スパイス使いがうまいと言われる回族のシェフが腕を振るう一見中華料理店っぽいレストラン。私の周囲では満場一致でここのラグマンがいちばん美味しいと評判です。私も初めて訪れたときは別格に美味しいと感じました。もう4回はリピートしてますね。最近人気が出てきて日本人に限らずお客さんがいっぱいなのでわりと空いている平日がおすすめです。


巣鴨 レイハン・ウイグルレストラン

上記の店に比べると駅近で嬉しいうえに美味しくて安い。女性ばかりのグループで行くからかもしれませんが、こんなに食べてこの値段でいいの!?と思うような不思議会計のときがあります。ここもラム肉料理を筆頭にラグマンが美味しい。一緒にいった友人が「もうお腹いっぱい」といい続けながらも、本人も気づかぬうちにシェア用の大皿を平らげていたという恐ろしい店です。
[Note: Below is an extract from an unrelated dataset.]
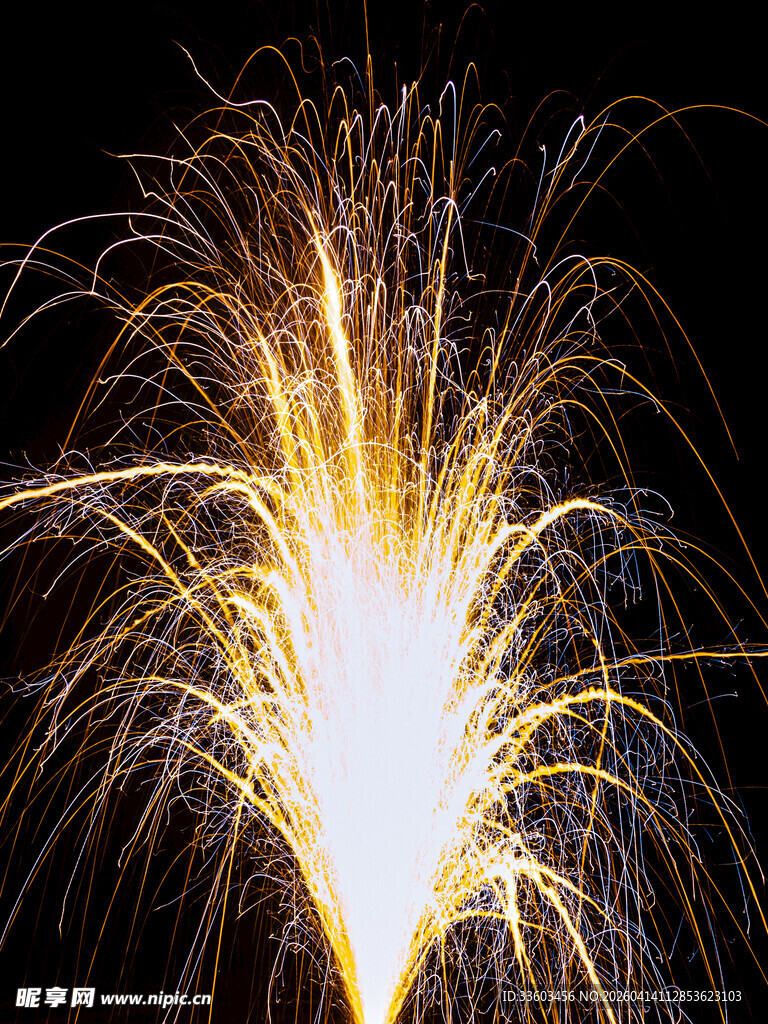 绚丽烟花绽放夜空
曰く「胃はいっぱいなんだけど舌と喉が求めており手が止まらなかった」と。手打ちのツルツル麺は美味しいので仕方ないですね。


以上、今回はカザフスタン、中央アジアで食べられるラグマンについてご紹介してみました。現地に行ったら是非食べてほしいし、日本でも日常的に食べたい美味。私もいつか意を決して麺打ち再現してみます!